Prompt:
Don't include pictures. Quote the lines below from the first through the line that contains "Abarth 500 595".

[Items from a data source]

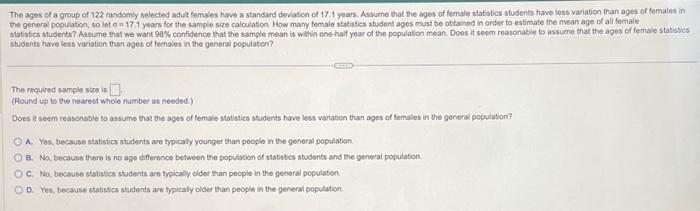 Solved The ages of a group of 122 randomly selected adit | Chegg.com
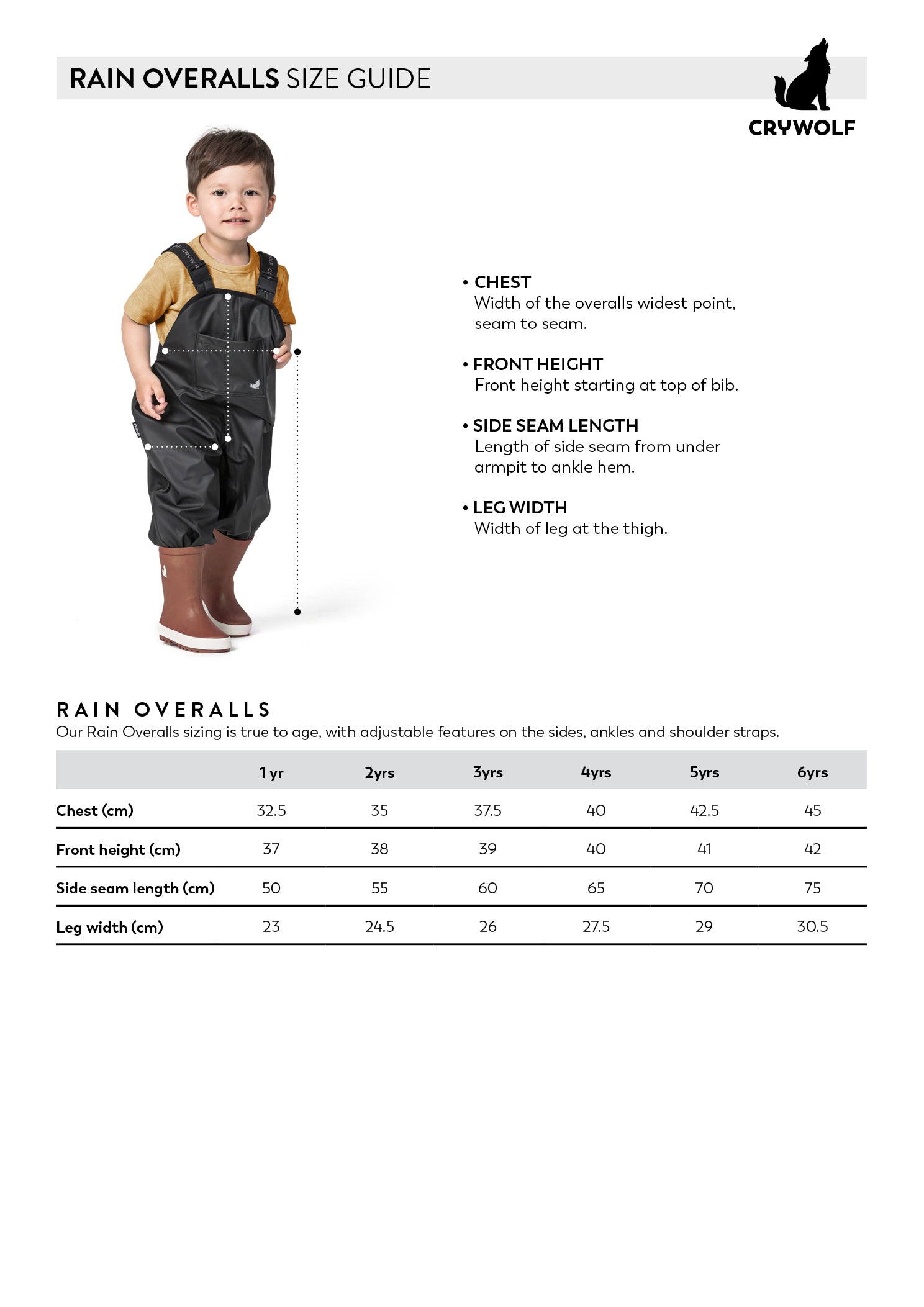 crywolf rain overalls in black
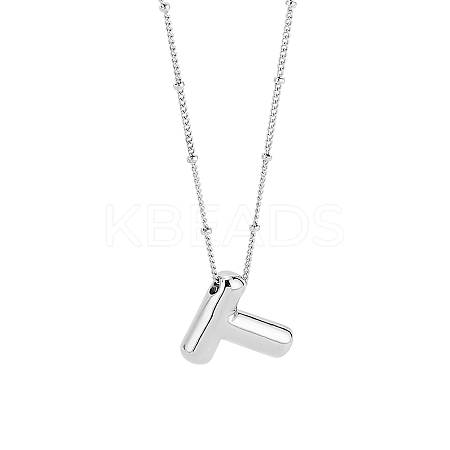 1pc Brass Chain with Alloy Letter Pendants Necklaces NJEW-LP0001-41T-P-1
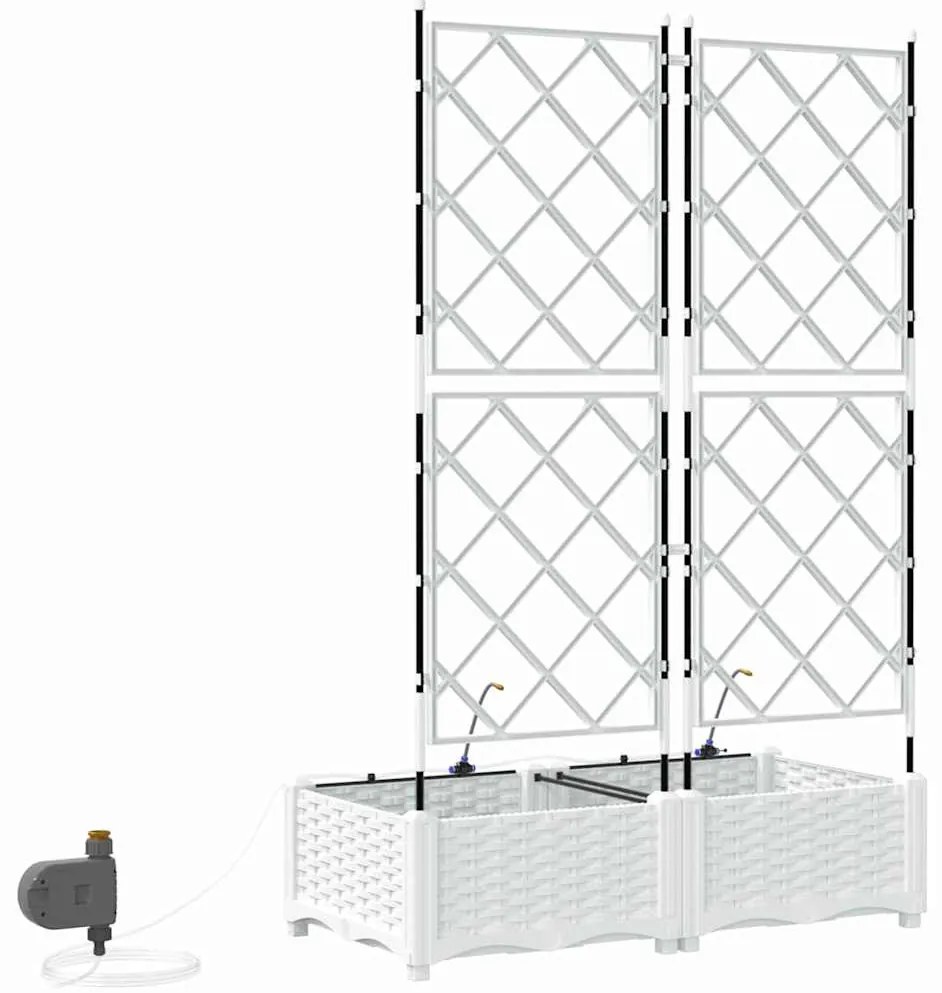 Vasos de Jardim Treliça Branco 80 x 40 x 126 cm Plástico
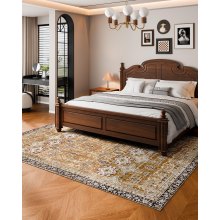 Large Area Rug 8 x 10 ft Anti-Skid Tear-Resistant Floor Mat Vintage Brown Green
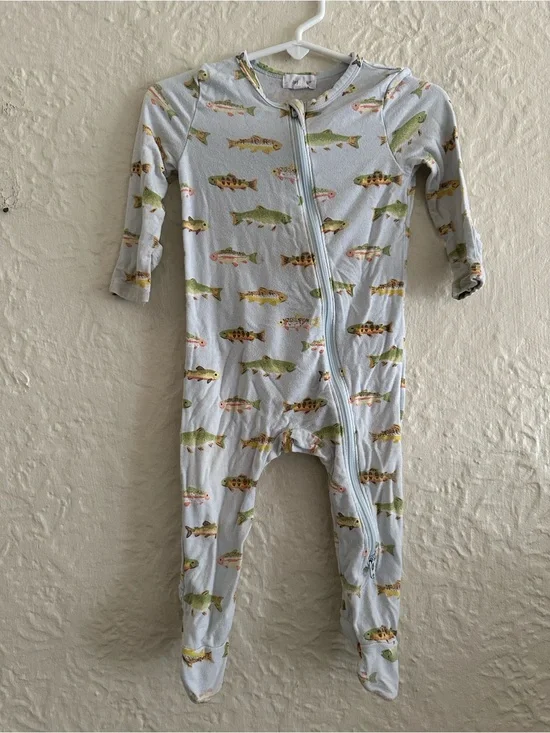 Angel Dear Light Blue Green Yellow Fish Pattern Bamboo Sleeper Footie 6-9 Months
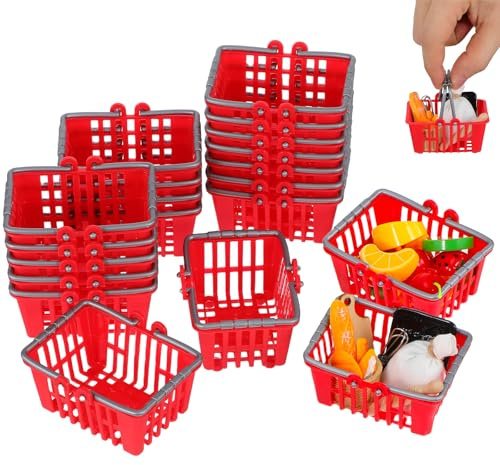 Toddmomy 20pcs Mini Shopping Baskets, Plastic Grocery Baskets with Handles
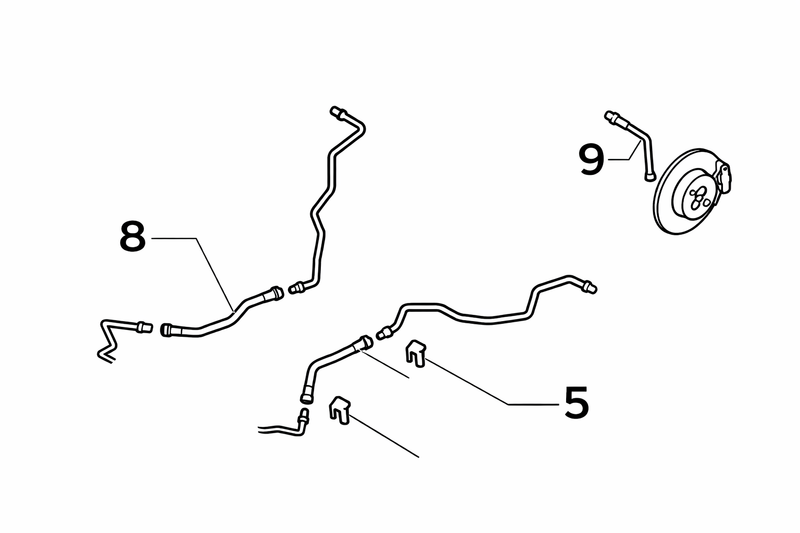 Abarth 500 595 Rear Caliper & Axle Hard Line Replacement Hose diagram
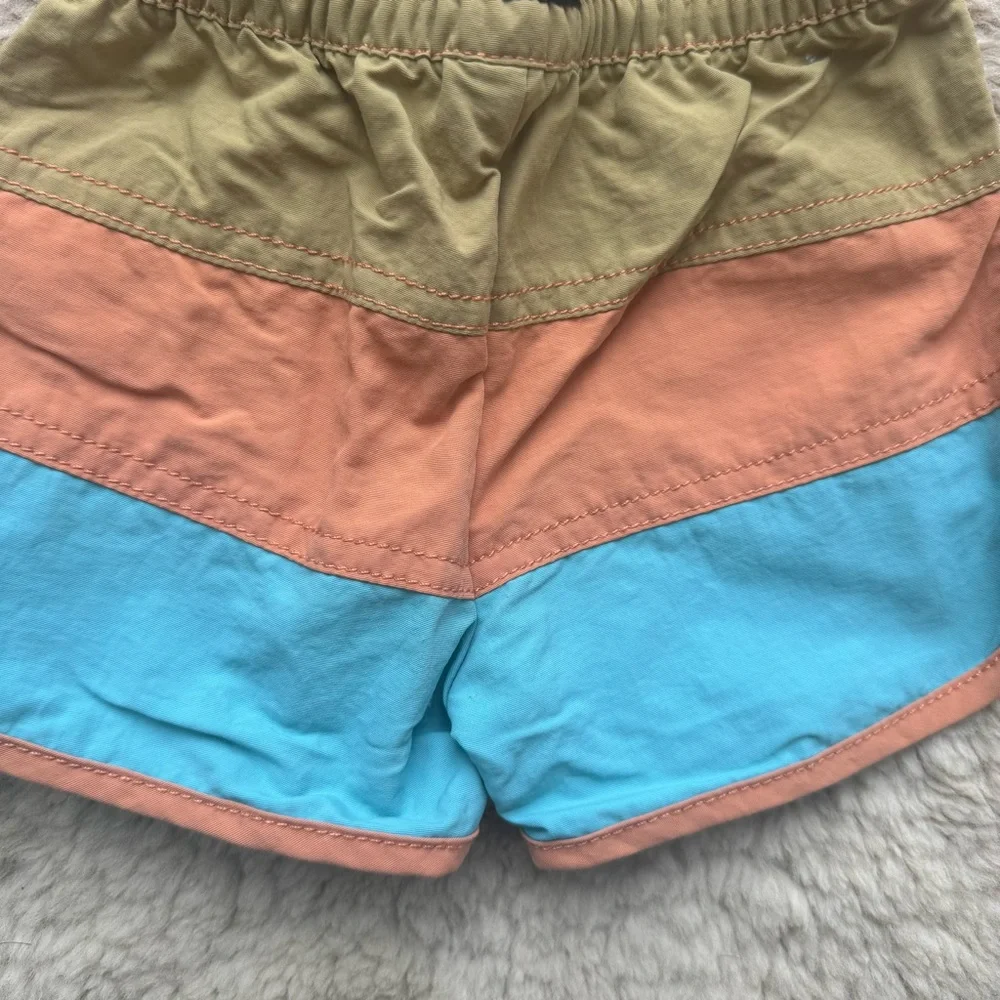 Patagonia Kids Swim Trunks in Tan, Peach & Aqua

Task result:
 Solved The ages of a group of 122 randomly selected adit | Chegg.com
 crywolf rain overalls in black
 1pc Brass Chain with Alloy Letter Pendants Necklaces NJEW-LP0001-41T-P-1
 Vasos de Jardim Treliça Branco 80 x 40 x 126 cm Plástico
 Large Area Rug 8 x 10 ft Anti-Skid Tear-Resistant Floor Mat Vintage Brown Green
 Angel Dear Light Blue Green Yellow Fish Pattern Bamboo Sleeper Footie 6-9 Months
 Toddmomy 20pcs Mini Shopping Baskets, Plastic Grocery Baskets with Handles
 Abarth 500 595 Rear Caliper & Axle Hard Line Replacement Hose diagram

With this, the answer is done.